In one exemplary embodiment, the global feature acquisition module maps features from coordinate space to interaction space, uses graph convolution networks to further infer to acquire global features, and finally back-maps them to coordinate space. An exemplary use of a GloRe cell is the basic idea of using a graph-rolled GloRe cell to project features of interest from coordinate space to interaction space, to perform relationship inference, and then back to the original coordinate space, so that relationship inference can be performed at an early stage of the network model. Other plug-ins that can obtain global features are also possible, as long as they can capture the relationships between the parts in this step. In one exemplary embodiment, the U-shaped convolutional neural network is a UNet model, UNet is particularly effective for small data sets, and can be trained using fewer samples. The down-sampling layer of the image segmentation model consists of five groups of convolution layer groups and a GloRe unit, wherein the GloRe unit is inserted between the first convolution layer group and the second convolution layer group. The insertion here makes it possible to obtain global features at an earlier time, although insertions between other layers are also possible, depending on the specific form of the network and the characteristics of the identified objects.
In one exemplary embodiment, where each convolution layer set includes two convolution layers and one pooling layer, the number of channels doubles for each downsampling pass. The number here is exemplary and other numbers of convolutional layers are possible, chosen according to the actual situation.
In an exemplary embodiment, before acquiring the input image, the method further comprises: acquiring a first image; zooming the first image to obtain a second image; carrying out blocking operation on the second image by adopting a sliding window to obtain a plurality of input images; after the output image is obtained, the method further comprises the following steps: and splicing the output images obtained from each input image to obtain a segmented image. The image is preprocessed firstly, the preprocessed image is zoomed to facilitate subsequent operations, for a larger image, the embodiment firstly divides the image into blocks, processes each block respectively, and then splices the blocks to obtain a final segmentation image.
In an exemplary embodiment, referring particularly to fig. 1, the image processing method is applied to the technical field of metal surface image processing, namely, flaw detection of a metal surface by convolution semantic segmentation based on an embedded graph. In the production process of metal materials (such as aluminum profiles, steel materials, rails, metal parts and the like), defects can be randomly generated on the surface of the metal materials due to various uncertain factors, and the defects comprise scratches, protruding powder, dirty spots, oil residues and the like. The existence of these defects not only affects the appearance of the metal materials, but also affects the normal use of the materials, and some defects can cause the grade of the products to be reduced, and directly affect the economic benefit of enterprises, so that the defect detection of the metal materials plays a crucial role in the production of the metal materials. At present, most metal material production enterprises still adopt a manual detection method, and the method has low efficiency and poor stability, and is easy to cause conditions such as missing detection, false detection and the like. With the wide application of the deep learning technology, the flaw intelligent detection method based on the deep neural network model has the characteristics of robustness of detection performance, no influence of subjective factors and the like, so that high and stable detection accuracy can be maintained for a long time.

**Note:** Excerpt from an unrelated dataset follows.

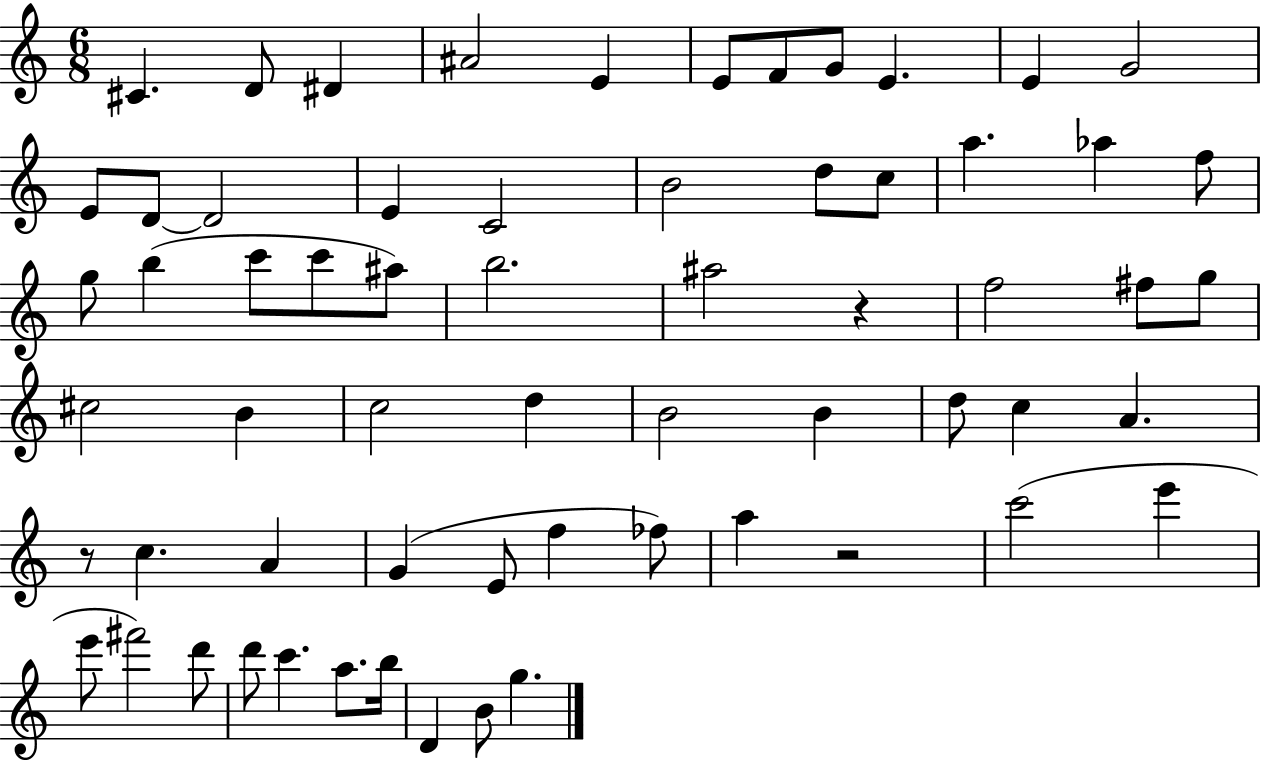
C#4/q. D4/e D#4/q A#4/h E4/q E4/e F4/e G4/e E4/q. E4/q G4/h E4/e D4/e D4/h E4/q C4/h B4/h D5/e C5/e A5/q. Ab5/q F5/e G5/e B5/q C6/e C6/e A#5/e B5/h. A#5/h R/q F5/h F#5/e G5/e C#5/h B4/q C5/h D5/q B4/h B4/q D5/e C5/q A4/q. R/e C5/q. A4/q G4/q E4/e F5/q FES5/e A5/q R/h C6/h E6/q E6/e F#6/h D6/e D6/e C6/q. A5/e. B5/s D4/q B4/e G5/q.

In practical application, the current metal surface flaw detection method based on deep learning has the following problems: (1) training of the inspection model typically requires an enormous number of flaw image samples. In actual production, image data sets for industrial flaw detection are often fewer and are not easy to obtain, the imbalance of samples among various categories of training data can be caused by the large difference of the number of flaw samples of different categories, and the labeling cost of the flaw images with large number is high; (2) for the detection of some large-size flaws, a large receptive field is usually required during model training, a single-layer convolutional layer can only obtain a local receptive field, and a plurality of convolutional layers can only be superposed when the single-layer convolutional layer is required to obtain the large receptive field to capture the relationship between far regions, so that the detection is very inefficient.
Convolutional networks are good at capturing local relationships through convolutional computation, but are often inefficient when long-range global relationships are to be captured, requiring multiple convolutional layers to be stacked. The disclosed exemplary embodiments use a metal surface flaw detection method based on embedded graph convolution semantic segmentation, whose basic idea is to project features of interest from coordinate space to interaction space using a graph convolution GloRe unit, perform relationship inference, and then return to the original coordinate space, so that relationship inference can be performed at an early stage of a network model.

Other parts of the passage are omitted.